#fringenyc - Insurmountable Simplicities
Insurmountable Simplicities lived up to its name. It was insurmountable and it was simplistic. It earns one of the criticisms most hated by high school kids, "Fails to live up to potential".
Indeed, the performance has great potential, and the actors do what they can with a lame script. The show starts off with a 'Zombie Sleeping Pills' skit. The idea is fascinating; a woman gets on a plane and takes a 'zombie sleeping pill'. This pill completely shuts off down her consciousness and she enters what feels to her, like deep sleep. Yet it leaves her fully responsive to converse with the man sitting next to her, who is a bit freaked out by the idea. With the scene set and the actors apparently ready to explore this concept, the skit ends and they move on to the next skit.
In this, an insignificant bookkeeper is visited by a man from the future who has come to interview him about how he became such a great writer. The man is disappointed not to find any great clues about what inspired the writer. No great books of literature line his shelves, no inspiring views, moments, or anything else is left. In his disappointment, and hurry, the man from the future leaves behind a book which contains the writer's complete work. The young man copies these and they end up being what makes him great. Like with the first skit, this one ends right where it has the potential to become interesting.
Another skit is of a man who has possibility added a poison to his wife's cake. There is antidote, which has bad side effects if taken when the poison has not been ingested. The man explains to his wife that he decided whether or not to add the poison based on his prediction of whether or not she will take the antidote, yet he does not reveal his prediction.

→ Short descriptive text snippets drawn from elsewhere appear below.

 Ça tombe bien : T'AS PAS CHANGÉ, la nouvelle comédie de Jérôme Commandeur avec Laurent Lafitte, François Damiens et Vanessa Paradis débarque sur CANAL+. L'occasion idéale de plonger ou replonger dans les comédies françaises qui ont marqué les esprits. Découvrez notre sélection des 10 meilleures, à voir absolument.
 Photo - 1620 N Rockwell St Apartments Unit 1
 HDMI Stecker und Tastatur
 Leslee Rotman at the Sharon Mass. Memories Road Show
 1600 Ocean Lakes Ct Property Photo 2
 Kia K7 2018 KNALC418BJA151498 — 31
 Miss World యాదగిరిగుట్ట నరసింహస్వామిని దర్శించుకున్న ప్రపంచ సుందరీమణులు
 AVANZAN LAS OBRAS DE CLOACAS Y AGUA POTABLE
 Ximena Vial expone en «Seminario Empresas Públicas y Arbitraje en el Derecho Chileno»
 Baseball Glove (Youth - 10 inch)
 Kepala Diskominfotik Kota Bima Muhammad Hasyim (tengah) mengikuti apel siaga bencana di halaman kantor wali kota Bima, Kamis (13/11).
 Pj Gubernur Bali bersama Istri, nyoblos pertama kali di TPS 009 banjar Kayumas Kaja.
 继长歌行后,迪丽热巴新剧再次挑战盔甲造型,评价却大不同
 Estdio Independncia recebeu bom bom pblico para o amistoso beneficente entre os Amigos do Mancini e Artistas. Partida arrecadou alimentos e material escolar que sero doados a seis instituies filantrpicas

Should she, or should she not take the antidote. Yet again, with the interesting problem set up, the performance moves on to another conundrum.
I'm probably forgetting some of the skits. When they moved to a tedious exploration of word play, such as the liars paradox, I found myself counting the number of green LEDs on the emergency lighting. Yeah, it was that bad.
Insurmountable Simplicities had so much potential. It could have been three or four different interesting plays. Instead it was none. Maybe some day a man from the future will return and give the author the option of rewriting it. I hope so.